Vermont – On February 14, 2017, 26 individuals were arrested in Orleans County for various offenses related to heroin and opiate trafficking.

These arrests stem from an ongoing investigation established by the Vermont Drug Task Force in cooperation with the Vermont State Police, Homeland Security Investigations (HSI), the Federal Bureau of Investigation (FBI), the Newport City Police Department, the U.S. Attorney’s Office for the District of Vermont, the Orleans County State’s Attorney’s Office, and the Vermont Attorney General’s Office.  Over the course of seven months the Vermont Drug Task Force conducted multiple drug investigations focusing on heroin and opioids.  The investigations were in response to multiple opiate related overdoses in Orleans County.

In 2016 law enforcement reported 21 overdoses in Orleans County, 3 fatal and 18 non-fatal.  These numbers reflect only the overdoses reported to law enforcement as the majority of non-fatal opiate overdoses go unreported to authorities. These overdoses had a tremendous impact on the local community and the Vermont Drug Task Force is committed to conducting investigations to help combat the opioid crisis across the state.

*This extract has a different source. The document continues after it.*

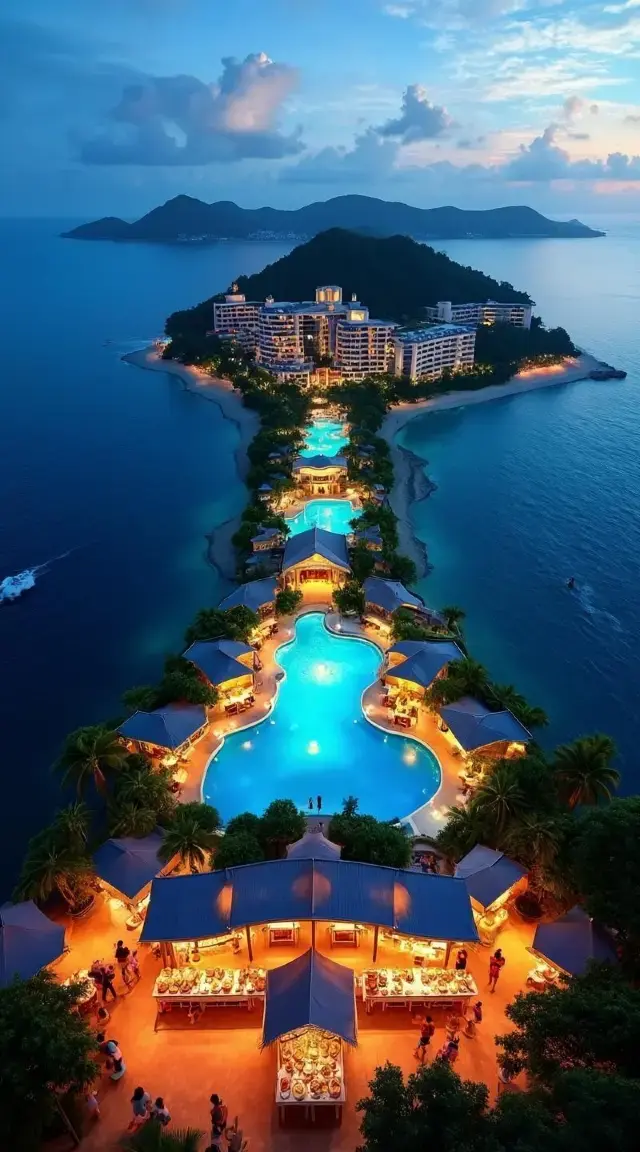 Island pool, the night view is absolutely stunning!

The Vermont Drug Task Force has seen a significant increase in the number of heroin investigations conducted in 2016. Investigators conducted 360 heroin related investigations, an increase of approximately 32% for the same period in 2015 (242 cases).  In 2016, approximately 99 offenders throughout the state have been arrested for heroin/opiate related offenses.  These arrests are being prosecuted by both state and federal prosecutors.  Vermont is also seeing an increase in fentanyl laced heroin and pure fentanyl being sold as heroin.  Fentanyl is a dangerous drug that is 40-50 times stronger than heroin, poses a great threat to users and is responsible for multiple overdose deaths.

After conducting a total of 79 controlled purchases of illegal drugs, the Vermont Drug Task Force concluded its joint operation with the arrest of 26 defendants on 87 different charges; including Sale of Heroin, Sale of Crack Cocaine, and Aiding in the Commission of a Felony.  Six defendants were recently arrested on Sale of Heroin charges in conjunction with this investigation, and their names are included below.

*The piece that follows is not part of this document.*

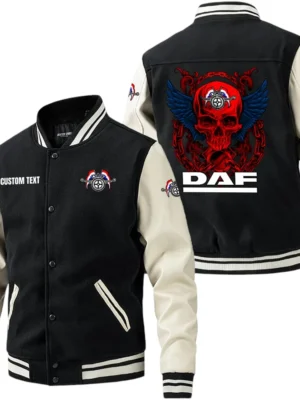 Daf Jacket Men’s Baseball Jacket With PU Leather Sleeve, Custom Name HG200225Y15BJPUCT2DAF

The Vermont State Police, Homeland Security Investigations (HSI), the Newport City Police Department, the Orleans County Sheriff’s Department, the Drug Enforcement Administration (DEA), the United States Marshals Service (USMS) and the Federal Bureau of Investigation (FBI) were instrumental in today’s operation.

Vermont Department of Public Safety Commissioner Thomas D. Anderson praised the collaboration of the these agencies for their hard work and painstaking investigation into this heroin/opioid distribution ring.  “This is an example of how cooperative law enforcement by federal, state, and local law enforcement can be a force multiplier in identifying, targeting, and arresting those who are selling this poison in our community,” said Commissioner Anderson.  “Our message to drug dealers is simple and clear:  Stop dealing, get into treatment or get arrested.”

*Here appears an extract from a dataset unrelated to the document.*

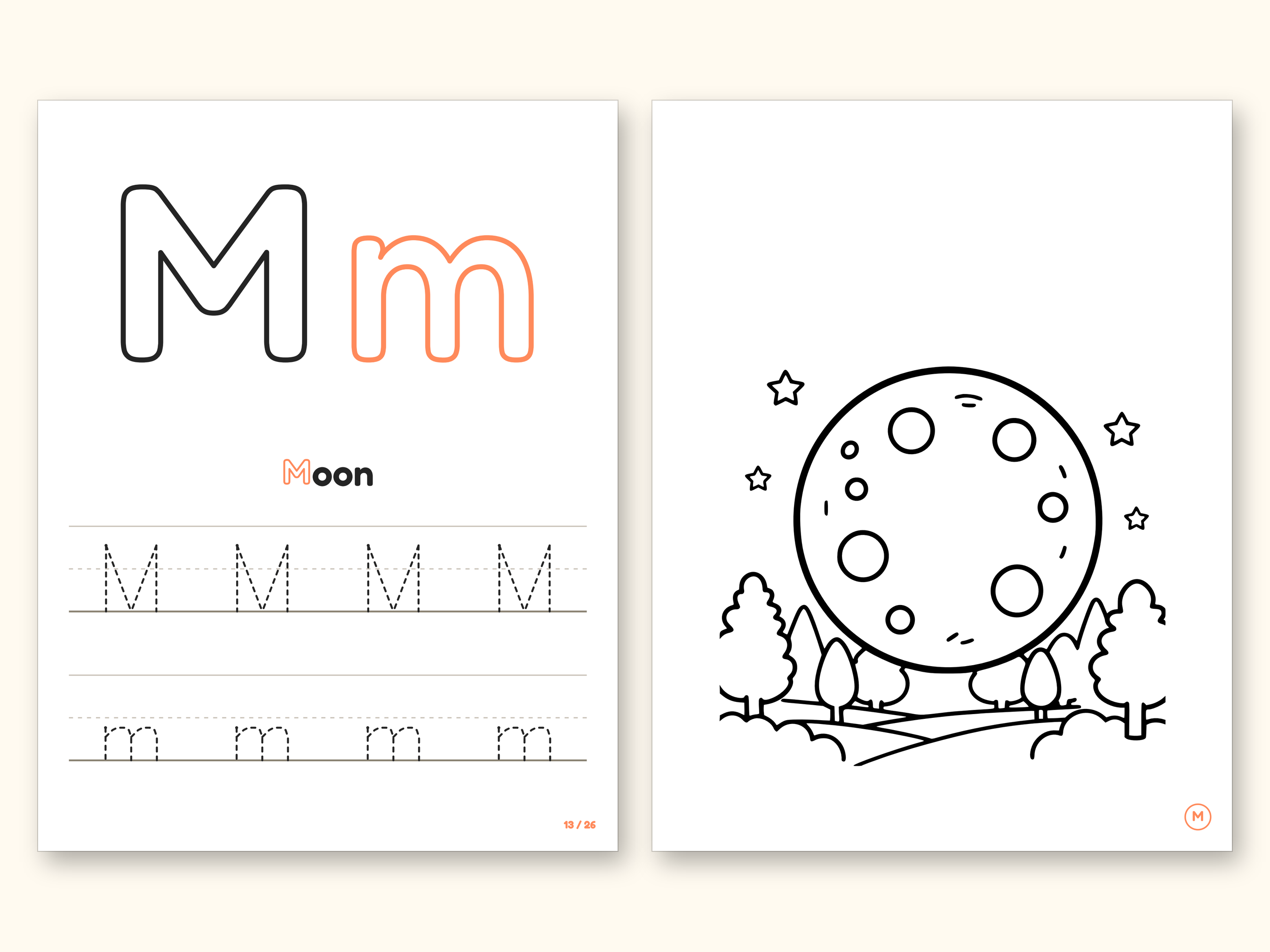 Nature Coloring Pages | ABC Letter Tracing for Kids Ages 2-5 (Digital PDF): pages 27 and 28 side by side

Vermont State Police Director, Colonel Matthew T. Birmingham highlighted the very tedious and dangerous work that investigators undertook over the past several months. “The dedicated men and women of law enforcement should be very proud of the dangerous and often thankless work they do leading up to this operation today. They are the front lines in our collective efforts to stop the flow of dangerous drugs coming into Vermont.”

Homeland Security Investigations of Boston Special Agent in Charge Matthew Etre also spoke of the seriousness of this work.  “Opiate use and trafficking is a growing problem that affects every aspect of our communities,” said Etre. “HSI is committed to working with our federal, state and local law enforcement partners to stop those that sell this highly addictive and destructive drug. They must be brought to justice before more lives are lost to this epidemic.”

Investigations into additional opiate distribution operations are still ongoing and further arrests are expected in the future.

Maj. Glenn Hall of the Vermont State Police said the opiate epidemic “continues to be the single most challenging issue for law enforcement in Vermont.”